Johnson & Johnson, one of the 30 Dow Jones industrials, is scheduled to release its first-quarter results. Wall Street is forecasting a rise in profit at the maker of health care and personal products.
After stocks closed Monday moderately lower, Dow futures early Tuesday morning initially slipped but then turned higher, rising 7, or 0.06 percent, to 12,323. Standard & Poor's 500 index futures rose 1.20, or 0.09 percent, to 1,332.40. Nasdaq 100 index futures rose 4.75, or 0.26 percent, to 1,801.00.
Bond prices rose. The yield on the benchmark 10-year Treasury note, which moves opposite its price, dipped to 3.49 percent from 3.51 percent late Monday.
Late Monday, Delta Air Lines Inc. and Northwest Airlines Corp. agreed to combine in a stock-swap deal that will create the world's biggest airline. Delta shares rose 5 percent in pre-market trading, while Northwest shares rose 10 percent.

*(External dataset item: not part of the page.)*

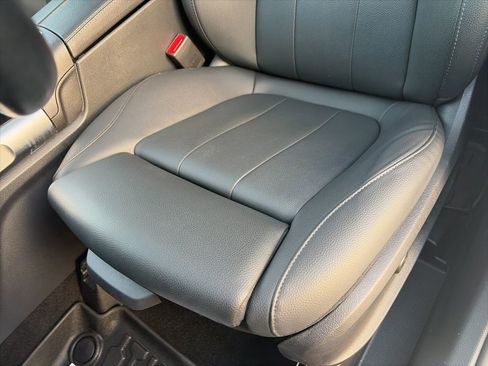 Used 2023 Mercedes-Benz GLB 250 4MATIC w/ Premium Package image 23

Oil prices surged to record highs ahead of the New York Mercantile Exchange's official trading session. Light, sweet crude rose $1.49 to $113.25 a barrel in premarket electronic trading.
Gold prices also rose, while the dollar was mixed against other major currencies.
Overseas, Japan's Nikkei stock average rose 0.77 percent. Britain's FTSE 100 rose 0.73 percent, Germany's DAX index fell 0.28 percent, and France's CAC-40 slipped 0.26 percent.